My good friend Joe Ahearn sent me an interesting article a few weeks ago—“Constructing Meaning When Reading Poetry: An Expert-Novice Study”, by Joan Peskin of the University of Tornoto. It appeared in the journal Cognition and Instruction (Vol 16, No. 3. [1998]). The study (though limited to only 16 subjects) purports to compare how “experts” construct meaning while reading poems to how “novices” construct meaning while reading poems.
It seems like a useful idea, but, in practice, the study seems only to confirm that expert readers are experts because they’re more highly trained and have developed a couple of reliable strategies (“textbase” and “the situation model”) from the network of references, structures, quotes, forms, and patterns they’ve accumulated in their reading histories; also that having difficulty reading poetry makes it less likely that one will enjoy reading poetry. Didn't we know those things already?
Now, this article is from 1998, which on one hand seems pretty dated, but on the other hand seems quite recent, especially given the fact that there seems to have been little or no study done on this topic since Peskin. But I have to say I have a couple of problems with Peskin’s approach.

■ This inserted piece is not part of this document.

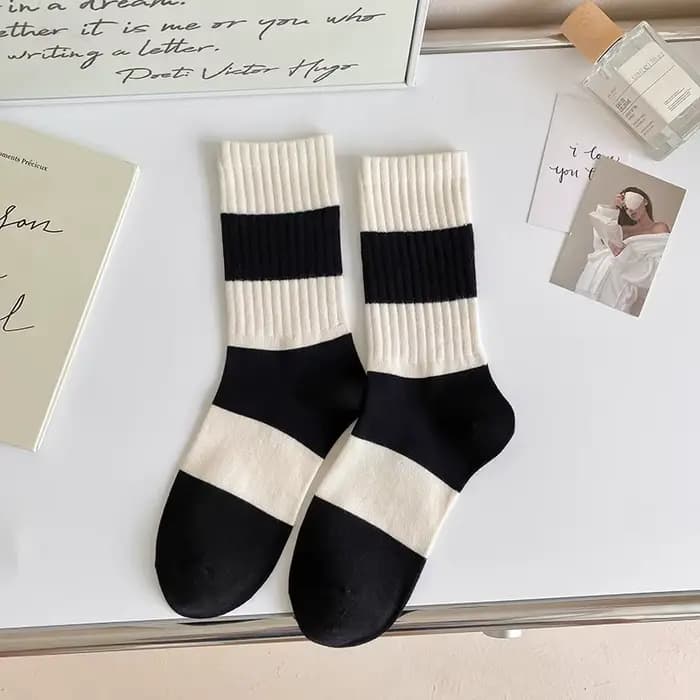Ensemble de chaussettes en coton à rayures noires et blanches pour femmes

First, she makes the same mistake that 95% of all high school English teachers make; she presents the high schoolers with 400-year-old poems written in an “English” that only vaguely resembles our own. One of the poems presented to the readers is Marvell (“On a Drop of Dew”) and the other is Spenser (“Lyke as a Huntsman”). The study doesn’t take into account the difficulty of reading what amounts to a dialect that only the experts have been trained to interpret. If we were only testing the ability to read poetry (and not testing the ability to interpret 16th-17th Century English), we would present the novice poems in the contemporary native dialect of the test subjects. If the study needed to present a range of difficulty, that could easily be accomplished with poems in modern or contemporary English (one Billy Collins’s “easier” poems alongside one of Ashbery’s “more difficult” poems, for example, though I have problems with the dichotomy that comparison establishes, too).

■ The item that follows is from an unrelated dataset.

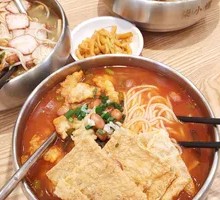 Tomato Pork Crisp Lo Mein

Secondly, Peskin is biased toward the idea that “Poetry communicates universal human truths.” [That’s the first sentence of her paper.] Really? Always? She’s looking for one kind of poem and one kind of reading, namely the kind of reading —the close reading of New Criticism—that has dominated our high school classes for half a century and has kept those high school teachers churning through antiquated poetry that Peskin’s study clearly shows the high school students are not prepared to understand. But those are the poems that work well with the New Critical approach, because they are written in a strategy (metaphorical conceit) that confirms what the New Critics wanted to believe about poetry, or wanted to promote in poetry.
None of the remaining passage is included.